**Extracted records**
• • • •

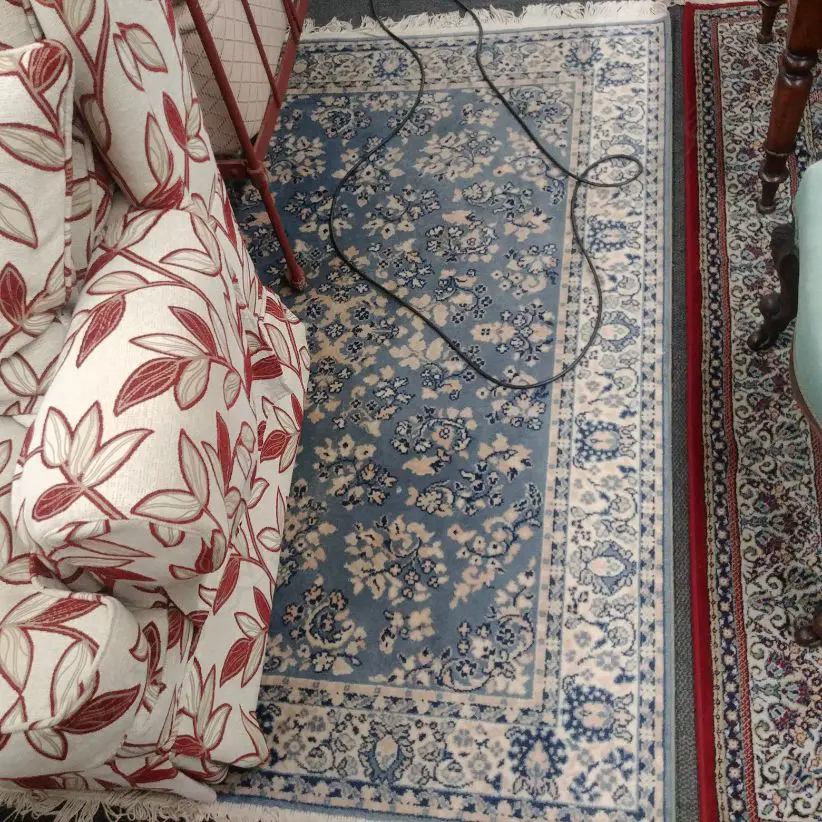 BELGIAN WOOLLEN RUG 120 X 170 Image 1++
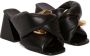 JW Anderson Sandalen met ketting Zwart - Thumbnail 2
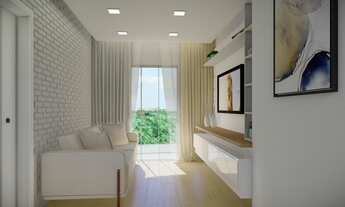 Imagem 2: Belíssimo apartamento de 2 quartos com varanda gourmet na Cambaúba - Ilha do Governador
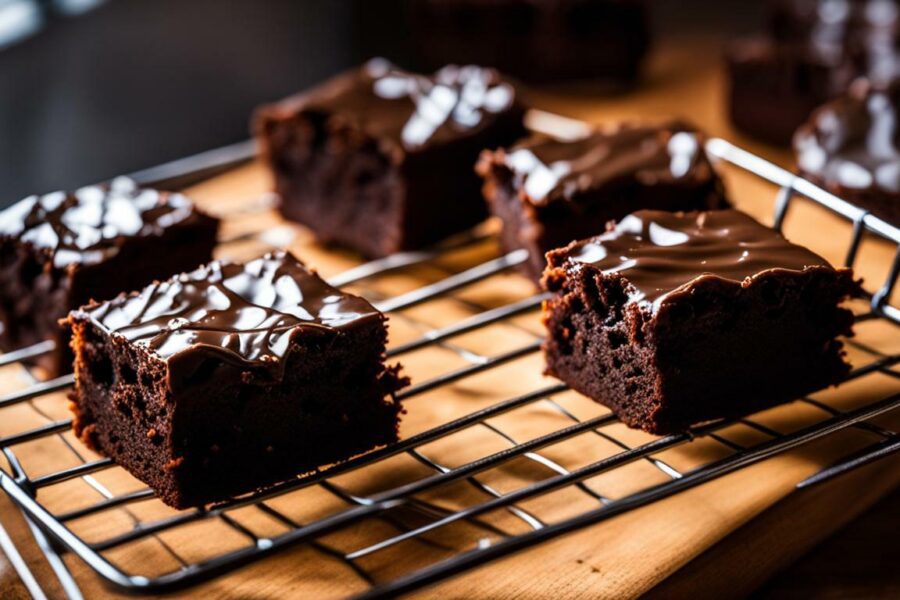 how long do brownies take to cool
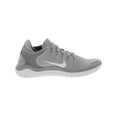 thumbnail image 2 of Nike Men's Free Rn 2018 Wolf Grey / White - Volt Ankle-High Running Shoe 8.5M, 2 of 3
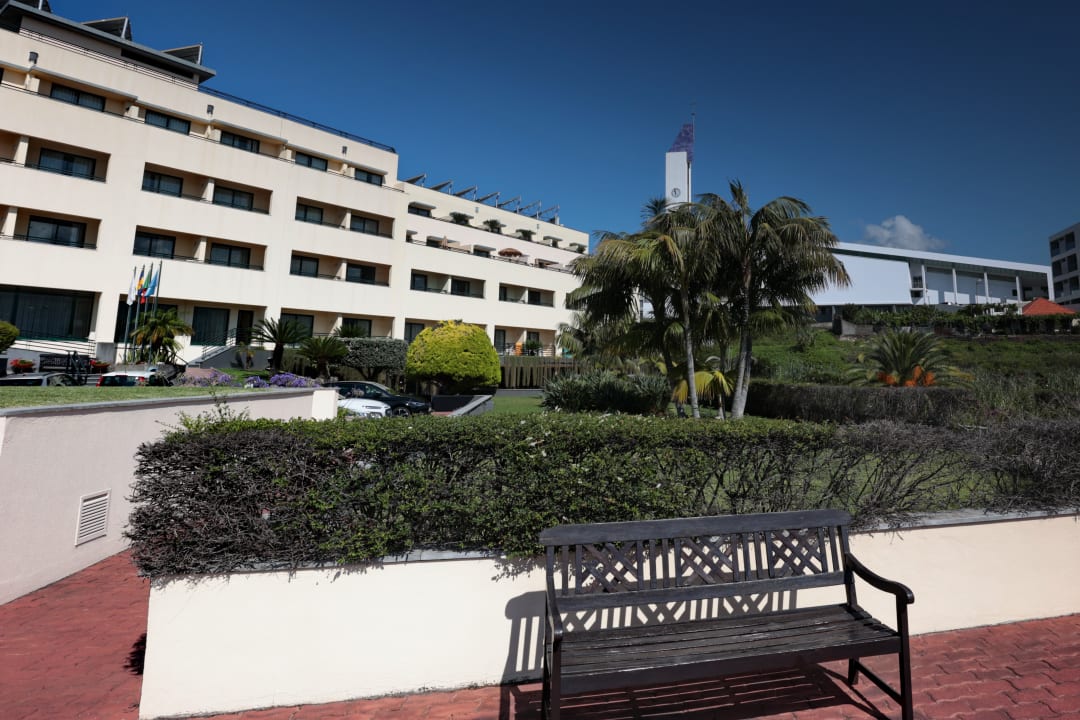 Gartenanlage Hotel Madeira Panoramico
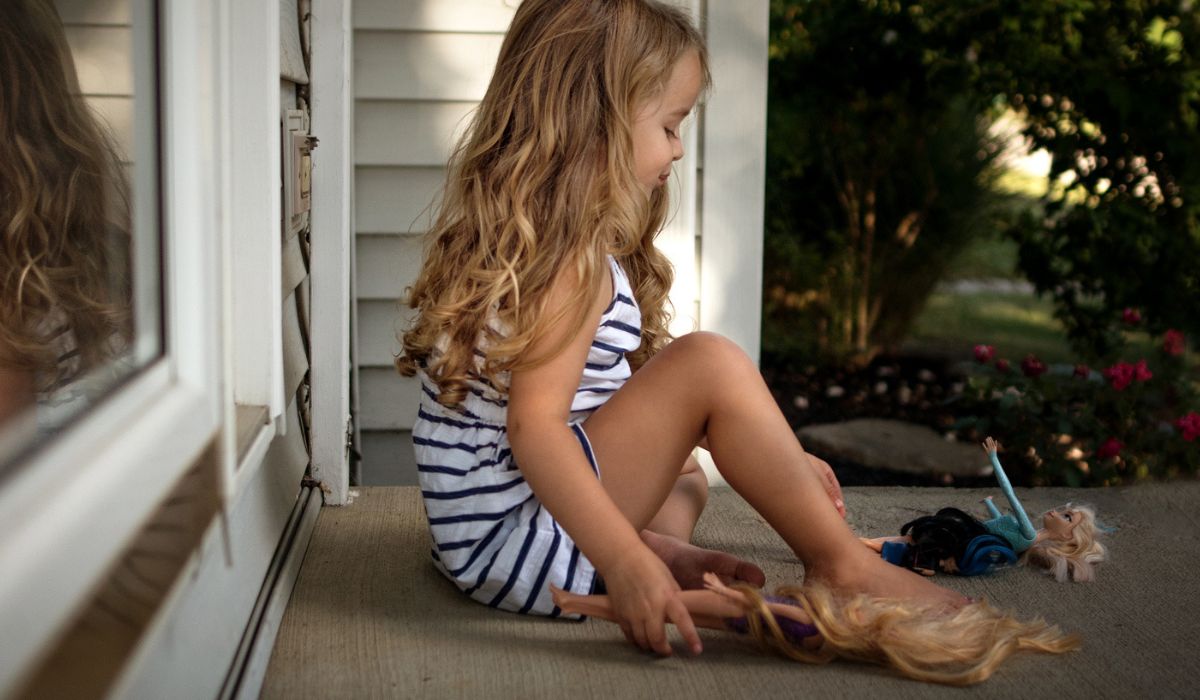 Pregnant doll sparks reactions
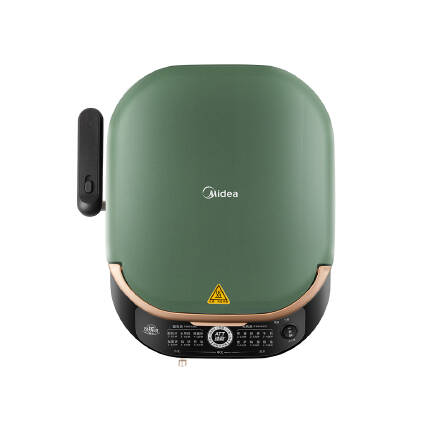 美的 电饼铛 MC-JKE3075 双面加热 独立控温 升级加深加大烤盘 1600W 30cm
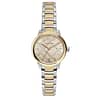 Burberry Women’s Two-Tone Stainless Steel Gold Dial 32mm Watch BU10118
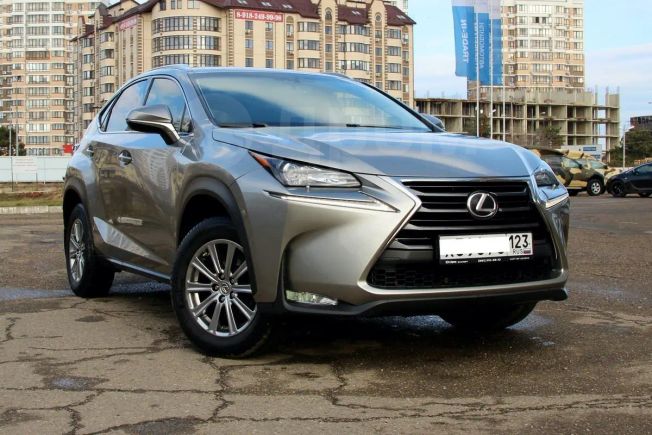 SUV   Lexus NX200 2015 , 1650000 , 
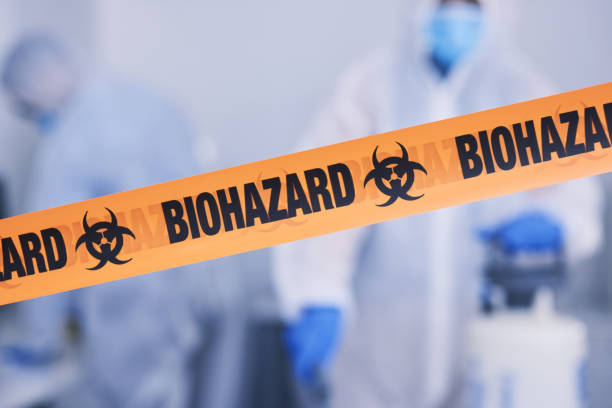 Professional Biohazard technician working in Pleasant View, TN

• • • •

**What you should do**
Please restate word for word the lines above, starting with the line that holds "Burberry Women’s Two-Tone" and ending with the final line of the records, while leaving out pictures.

**Exercise output**
 Burberry Women’s Two-Tone Stainless Steel Gold Dial 32mm Watch BU10118
 SUV   Lexus NX200 2015 , 1650000 , 
 Professional Biohazard technician working in Pleasant View, TN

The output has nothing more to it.